_Work to complete_
Needed from the data below: every line from the one with "71 Erins Isle The Islands, Mandurah WA 6210" up to and including the one with "El Presidente de", repeated exactly and with nothing else.

_Supplied material_
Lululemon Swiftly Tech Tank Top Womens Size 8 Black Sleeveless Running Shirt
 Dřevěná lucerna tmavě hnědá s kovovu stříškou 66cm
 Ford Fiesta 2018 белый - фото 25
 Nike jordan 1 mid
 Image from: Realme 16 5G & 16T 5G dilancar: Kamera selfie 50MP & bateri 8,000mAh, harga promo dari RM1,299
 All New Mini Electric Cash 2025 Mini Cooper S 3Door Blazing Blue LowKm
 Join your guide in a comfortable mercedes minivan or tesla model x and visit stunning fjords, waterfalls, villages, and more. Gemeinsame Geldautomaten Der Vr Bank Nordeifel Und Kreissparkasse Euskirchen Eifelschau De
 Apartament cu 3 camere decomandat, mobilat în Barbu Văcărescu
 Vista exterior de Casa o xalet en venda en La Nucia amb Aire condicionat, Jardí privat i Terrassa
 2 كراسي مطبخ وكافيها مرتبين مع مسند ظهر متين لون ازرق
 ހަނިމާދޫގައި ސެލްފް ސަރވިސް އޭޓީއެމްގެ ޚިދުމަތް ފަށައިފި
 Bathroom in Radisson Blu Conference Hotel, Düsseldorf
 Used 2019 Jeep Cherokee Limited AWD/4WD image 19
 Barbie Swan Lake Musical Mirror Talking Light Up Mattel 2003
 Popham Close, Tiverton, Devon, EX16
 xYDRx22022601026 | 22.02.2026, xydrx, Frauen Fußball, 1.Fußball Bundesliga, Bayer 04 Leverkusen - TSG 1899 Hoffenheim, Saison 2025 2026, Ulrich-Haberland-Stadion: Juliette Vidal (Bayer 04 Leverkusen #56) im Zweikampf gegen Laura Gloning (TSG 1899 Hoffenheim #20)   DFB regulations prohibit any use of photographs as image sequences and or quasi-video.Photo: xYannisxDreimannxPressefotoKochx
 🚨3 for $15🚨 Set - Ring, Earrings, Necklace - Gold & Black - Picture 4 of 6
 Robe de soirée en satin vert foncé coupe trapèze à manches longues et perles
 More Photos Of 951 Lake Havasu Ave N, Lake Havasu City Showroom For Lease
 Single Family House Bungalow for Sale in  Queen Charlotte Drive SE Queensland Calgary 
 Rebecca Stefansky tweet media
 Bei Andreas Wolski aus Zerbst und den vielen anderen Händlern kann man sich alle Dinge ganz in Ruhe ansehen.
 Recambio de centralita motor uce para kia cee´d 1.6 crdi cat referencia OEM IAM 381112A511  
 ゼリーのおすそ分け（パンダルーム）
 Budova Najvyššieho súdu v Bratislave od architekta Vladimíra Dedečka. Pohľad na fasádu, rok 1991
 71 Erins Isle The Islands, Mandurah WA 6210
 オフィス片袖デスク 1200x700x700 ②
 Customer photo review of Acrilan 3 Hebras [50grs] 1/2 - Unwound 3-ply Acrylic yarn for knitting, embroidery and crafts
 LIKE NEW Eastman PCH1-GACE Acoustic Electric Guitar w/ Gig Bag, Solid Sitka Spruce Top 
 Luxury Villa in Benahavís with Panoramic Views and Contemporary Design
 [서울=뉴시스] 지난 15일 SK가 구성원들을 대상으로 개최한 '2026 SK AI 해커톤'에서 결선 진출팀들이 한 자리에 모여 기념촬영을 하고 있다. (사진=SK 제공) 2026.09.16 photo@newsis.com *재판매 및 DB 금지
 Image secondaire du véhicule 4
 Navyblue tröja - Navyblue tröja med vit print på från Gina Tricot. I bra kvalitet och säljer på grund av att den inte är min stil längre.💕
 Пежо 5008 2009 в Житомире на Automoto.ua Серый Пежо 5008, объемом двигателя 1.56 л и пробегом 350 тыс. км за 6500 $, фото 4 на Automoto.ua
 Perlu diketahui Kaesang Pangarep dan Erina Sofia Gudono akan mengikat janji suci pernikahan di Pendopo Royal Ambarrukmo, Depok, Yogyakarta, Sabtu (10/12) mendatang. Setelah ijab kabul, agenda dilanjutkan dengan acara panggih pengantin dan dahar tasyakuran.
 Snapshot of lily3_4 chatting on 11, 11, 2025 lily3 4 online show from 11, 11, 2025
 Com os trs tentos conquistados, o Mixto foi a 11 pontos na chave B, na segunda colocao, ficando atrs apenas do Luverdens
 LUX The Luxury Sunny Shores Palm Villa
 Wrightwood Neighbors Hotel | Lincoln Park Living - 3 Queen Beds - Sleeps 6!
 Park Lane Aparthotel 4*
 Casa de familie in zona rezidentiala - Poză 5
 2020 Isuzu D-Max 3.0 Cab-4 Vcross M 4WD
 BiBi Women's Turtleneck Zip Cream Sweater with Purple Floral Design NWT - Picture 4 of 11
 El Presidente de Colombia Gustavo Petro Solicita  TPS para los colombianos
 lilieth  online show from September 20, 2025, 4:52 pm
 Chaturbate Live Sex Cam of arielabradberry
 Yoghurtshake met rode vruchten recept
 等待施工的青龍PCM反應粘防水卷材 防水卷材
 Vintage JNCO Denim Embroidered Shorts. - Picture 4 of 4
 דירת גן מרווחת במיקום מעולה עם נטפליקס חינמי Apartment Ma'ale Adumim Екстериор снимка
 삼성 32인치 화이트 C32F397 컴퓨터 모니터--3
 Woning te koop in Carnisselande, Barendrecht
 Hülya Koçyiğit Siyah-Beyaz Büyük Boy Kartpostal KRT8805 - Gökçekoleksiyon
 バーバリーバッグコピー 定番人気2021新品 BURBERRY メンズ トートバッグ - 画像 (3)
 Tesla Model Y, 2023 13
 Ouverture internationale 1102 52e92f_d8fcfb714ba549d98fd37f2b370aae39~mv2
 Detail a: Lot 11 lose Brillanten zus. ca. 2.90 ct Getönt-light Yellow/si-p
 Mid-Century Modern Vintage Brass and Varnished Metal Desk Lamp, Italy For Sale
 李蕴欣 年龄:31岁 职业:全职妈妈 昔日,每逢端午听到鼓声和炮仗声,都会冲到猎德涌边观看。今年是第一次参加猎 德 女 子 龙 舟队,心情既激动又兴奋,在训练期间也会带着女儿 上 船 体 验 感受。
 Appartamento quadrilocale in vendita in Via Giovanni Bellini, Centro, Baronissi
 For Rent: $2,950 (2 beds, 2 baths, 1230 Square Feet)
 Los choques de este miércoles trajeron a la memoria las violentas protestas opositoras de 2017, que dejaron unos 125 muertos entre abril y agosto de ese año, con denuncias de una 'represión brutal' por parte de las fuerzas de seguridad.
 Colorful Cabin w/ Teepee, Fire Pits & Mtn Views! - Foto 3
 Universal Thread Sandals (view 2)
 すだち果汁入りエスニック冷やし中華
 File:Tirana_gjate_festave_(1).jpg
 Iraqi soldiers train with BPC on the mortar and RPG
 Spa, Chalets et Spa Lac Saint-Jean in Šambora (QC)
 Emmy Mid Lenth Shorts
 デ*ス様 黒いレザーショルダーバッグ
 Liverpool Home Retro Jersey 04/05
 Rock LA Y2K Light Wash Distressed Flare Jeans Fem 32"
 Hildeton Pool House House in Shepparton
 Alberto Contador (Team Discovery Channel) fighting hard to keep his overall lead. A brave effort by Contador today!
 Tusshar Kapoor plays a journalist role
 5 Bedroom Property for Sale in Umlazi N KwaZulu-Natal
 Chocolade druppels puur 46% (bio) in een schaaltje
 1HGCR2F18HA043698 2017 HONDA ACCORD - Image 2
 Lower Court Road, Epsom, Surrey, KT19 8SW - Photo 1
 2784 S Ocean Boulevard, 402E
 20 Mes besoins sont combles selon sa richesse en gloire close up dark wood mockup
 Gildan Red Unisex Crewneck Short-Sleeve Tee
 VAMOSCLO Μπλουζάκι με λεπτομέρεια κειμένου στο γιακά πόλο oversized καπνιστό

_Result of the exercise_
 71 Erins Isle The Islands, Mandurah WA 6210
 オフィス片袖デスク 1200x700x700 ②
 Customer photo review of Acrilan 3 Hebras [50grs] 1/2 - Unwound 3-ply Acrylic yarn for knitting, embroidery and crafts
 LIKE NEW Eastman PCH1-GACE Acoustic Electric Guitar w/ Gig Bag, Solid Sitka Spruce Top 
 Luxury Villa in Benahavís with Panoramic Views and Contemporary Design
 [서울=뉴시스] 지난 15일 SK가 구성원들을 대상으로 개최한 '2026 SK AI 해커톤'에서 결선 진출팀들이 한 자리에 모여 기념촬영을 하고 있다. (사진=SK 제공) 2026.09.16 photo@newsis.com *재판매 및 DB 금지
 Image secondaire du véhicule 4
 Navyblue tröja - Navyblue tröja med vit print på från Gina Tricot. I bra kvalitet och säljer på grund av att den inte är min stil längre.💕
 Пежо 5008 2009 в Житомире на Automoto.ua Серый Пежо 5008, объемом двигателя 1.56 л и пробегом 350 тыс. км за 6500 $, фото 4 на Automoto.ua
 Perlu diketahui Kaesang Pangarep dan Erina Sofia Gudono akan mengikat janji suci pernikahan di Pendopo Royal Ambarrukmo, Depok, Yogyakarta, Sabtu (10/12) mendatang. Setelah ijab kabul, agenda dilanjutkan dengan acara panggih pengantin dan dahar tasyakuran.
 Snapshot of lily3_4 chatting on 11, 11, 2025 lily3 4 online show from 11, 11, 2025
 Com os trs tentos conquistados, o Mixto foi a 11 pontos na chave B, na segunda colocao, ficando atrs apenas do Luverdens
 LUX The Luxury Sunny Shores Palm Villa
 Wrightwood Neighbors Hotel | Lincoln Park Living - 3 Queen Beds - Sleeps 6!
 Park Lane Aparthotel 4*
 Casa de familie in zona rezidentiala - Poză 5
 2020 Isuzu D-Max 3.0 Cab-4 Vcross M 4WD
 BiBi Women's Turtleneck Zip Cream Sweater with Purple Floral Design NWT - Picture 4 of 11
 El Presidente de Colombia Gustavo Petro Solicita  TPS para los colombianos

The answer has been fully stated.